Pour lui la pratique réelle ne résulte jamais de la théorie, chaque clinicien se reporte à une
théorie mais il existe un écart. (Georges Lantéri-Laura, Principales théories dans la
psychiatrie contemporaine, EMC, 37-006-A-10, 2004)
La théorie de la pratique est le fondement conceptuel du savoir-faire. En fait la théorie
de la pratique articule savoir, expérience, usages et contexte, elle reste à construire pour la
clinique du quotidien. Notre présentation de la clinique d’Arc en Ciel ne saurait avoir cette
prétention mais c’est une pierre à l’édifice d’une clinique infirmière fondée sur le sujet et la
place de celui-ci dans son environnement.
Conclusion
Une clinique comme celle d’Arc en Ciel est fondé sur le désir et sur les compétences
et personnalités des soignants, ces soignants ne peuvent ni être dupliqués, ni clonés.
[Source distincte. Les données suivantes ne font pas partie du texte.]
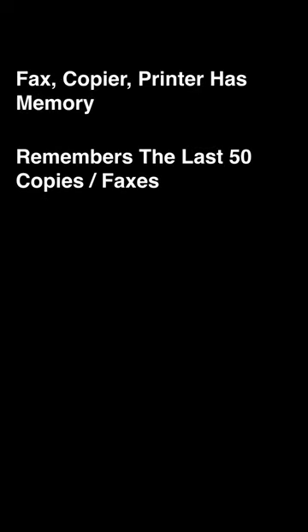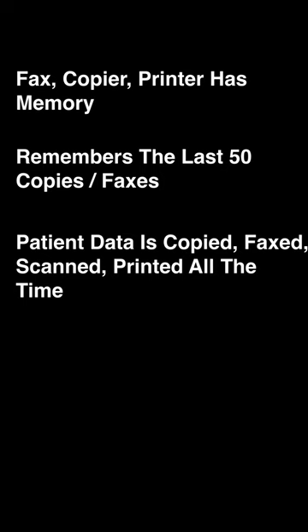Business equipment like photocopiers and fax machines are similar to computers in that they have memory. Most photocopy equipment stores the last 50 or more copies in memory.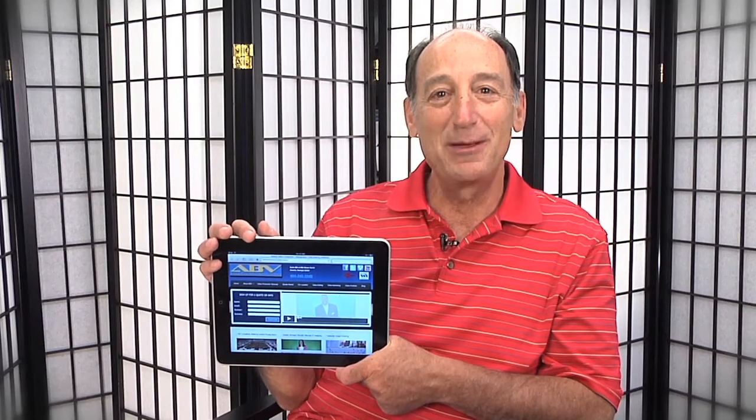So thank you for stopping by. I'm Roger Sticks, executive producer at Atlanta Business Video. Please feel free to visit our website.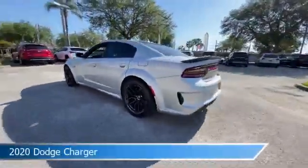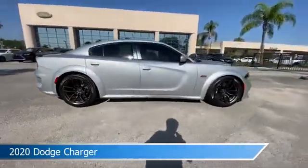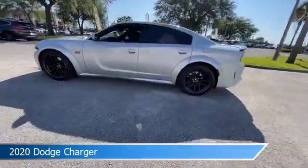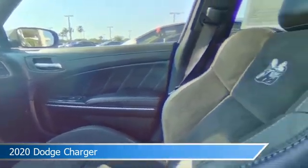Take a look at this 2020 Dodge Charger, equipped with an automatic transmission in triple nickel clear coat. This car comes with some great features including adaptive cruise control, blind spot monitor, alloy wheels, Android Auto and more. Come in and check it out today.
Ce qui
importe dans une telle clinique c’est qu’elle soit vivante, en dehors ou au delà des protocoles.
Nous l’aurons bien compris c’est moins le médiateur qui importe que
la question de
« médiateur de quoi ». La question se pose pour nous de la transmission, comment transmettre
une telle clinique ? Comment ne pas passer à côté de l’essentiel ?
Le temps qui nous était imparti ne nous permet pas d’aller au-delà, notre vœu était de
montrer à partir de notre vignette clinique, comment une histoire de soins peut se construire,
comment un projet de soins prend racine. Concluons donc sur la place de la subjectivité et de
la rencontre comme co-présence ainsi qu’en parle le philosophe Gabriel Marcel (Essai de
philosophie concrète, Gallimard, 1940) et la différence entre le projet inscrit dans la vie et le
programme en tant que projection dans l’avenir. (cf Miguel Benasayag et Angélique Del Rey,
De l’engagement dans une époque obscure, Le passager clandestin, 2011).